FICCI Pitches For Abolition of MAT In The Full-Budget

A  FICCI delegation led by Rajan Bharti Mittal, Past President, FICCI met Dr Ajay Bhushan Pandey, Secretary (Revenue), Ministry of Finance in the pre-budget discussion meeting held at North Block today. The key recommendation was that the focus of the Government should be to spur domestic investment and in order to retain India’s competitiveness globally, corporate tax rate cut should be considered.

It was stressed that with phasing out of exemptions and deductions available under the Income Tax Act, 1961 (‘the Act’) and to avoid complexities arising under Ind-AS, there is a need to review the concept of Minimum Alternate Tax (MAT).

A recommendation has been made to abolish MAT and extend a simpler Alternate Minimum Tax as is currently applicable to non-corporates to corporates, but at a reduced rate of 10% considering the reduction in the corporate tax rate to 25% in line with the global trend.

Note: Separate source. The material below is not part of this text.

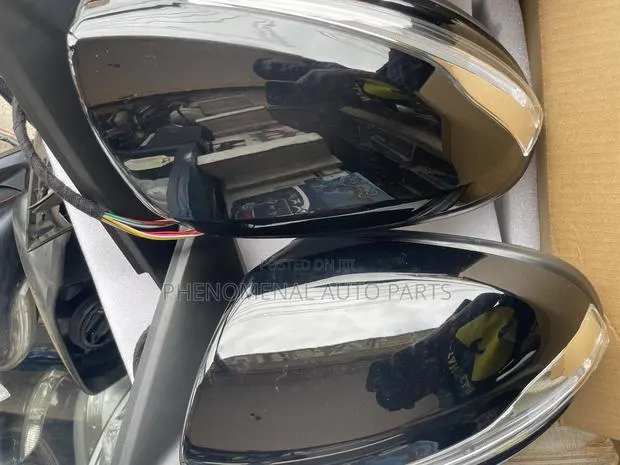 Benz C300/C250 2016-2026 Side Mirror Pair · Photo 1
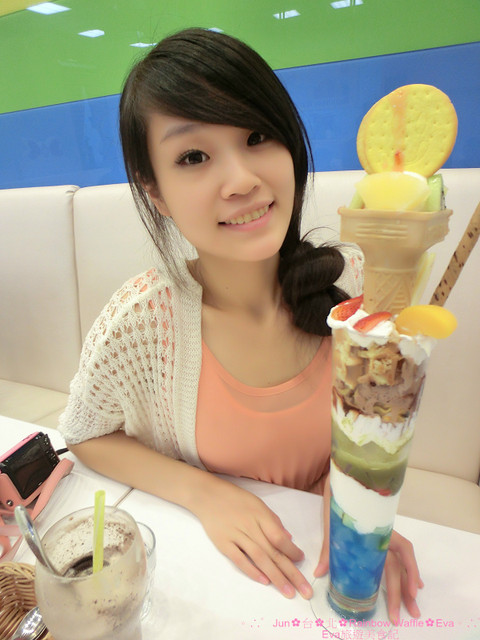 彩虹國度Rainbow Waffle(中和環球店)：【食記】oO。。台北　Rainbow Waffle（二訪）　仙度瑞拉的玻璃鞋掉入人間囉～還有媲美１０１高度的冰品歐！超美超夢幻～o○。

The need to restore weighted deduction under section 35(2AB) of the Act for expenditure incurred on scientific research being critical for Indian businesses were clearly stressed upon.

Recommendations for amendments required in the Act to facilitate smooth re-organisation across the economy were also made.

Some of the recommendations made in this regard are as below:

– Allow successors in case of amalgamation, demerger or any other form of reorganization to be eligible to claim the benefit of MAT Credit.

– Section 72A of the Act should be amended to allow the benefit of carry forward of losses, pursuant to amalgamation, to all companies irrespective of their line of business especially services business.

– Suitable provisions be introduced in the Act to allow tax neutral merger of two LLPs.

– Amend the definition of demerger under the Act to be in alignment with Ind AS;

– Provide clarification under section 55(2)(ac) of the Act to allow grandfathering benefit in case of shares received under tax neutral transfer in lieu of shares held as on 31 Jan 2018.

On the indirect tax side, some of the key recommendations are: –

– Currently, Merchandise Export from India Scheme (MEIS) and Service Export from India Scheme (SEIS) scrips cannot be utilized for payment of IGST & GST compensation cess on imports. The non-availability of utilizing the scrips towards the payment of IGST has led to a financial burden on the importers. It was recommended that the Foreign Trade Policy 2015-20 and Customs Law needs to be amended for allowing the utilization of MEIS & SEIS scrips towards the payment of GST on imports.

– The existing Authority of Advance Rulings constituted under Section 245-O of the Act is common for both Customs and Income Tax applications and as result, the average time period for obtaining advance ruling is 6 to 12 months. As a trade facilitation measure, a separate ‘Customs Authority of Advance Rulings’ needs to be constituted and made operational without any further delay;

– Section 28(7A) of the Customs Act, 1962 as inserted by Finance Act, 2018 empowers the proper officer to issue a supplementary notice which would be deemed as the show cause notice (SCN) issued under the main provisions of Section 28 of the Customs Act. However, neither the meaning of supplementary notice has been defined under the Customs Act nor the circumstances and manner under which supplementary notice may be issued are prescribed. There is a possibility of ambiguities arising around the scope of the supplementary notice. A recommendation was made that the “supplementary notice” should be defined in the Customs Act, 1962 and the circumstances and the manner in which it may be issued may be prescribed expeditiously to prevent misuse of the provision by the authorities on ground’

– A point was made that tariff duty rate changes are undertaken by the Government with a strategic view of the future, resulting in avoidable disputes for the past period where customs department and the trade has been following a particular practice. To protect the possibility of disputes for the past period, any upward revision of duty rates should be accompanied with protection for reopening of assessment practice of the past period.

– During the Pre-GST regime, the custom benefits allowed exemption on goods imported for mega power project from Basic Customs Duty, Additional Duty (CVD) and Additional Duty (SAD). However, due to the introduction of the GST Regime, exemption stand curtailed under GST Law. Post GST Implementation, only Basic Custom Duty is notified to be exempted resulting in an increase in the cost of developing the mega power projects in India. A recommendation was made to grant exemption from IGST payment on all the goods imported for mega power projects.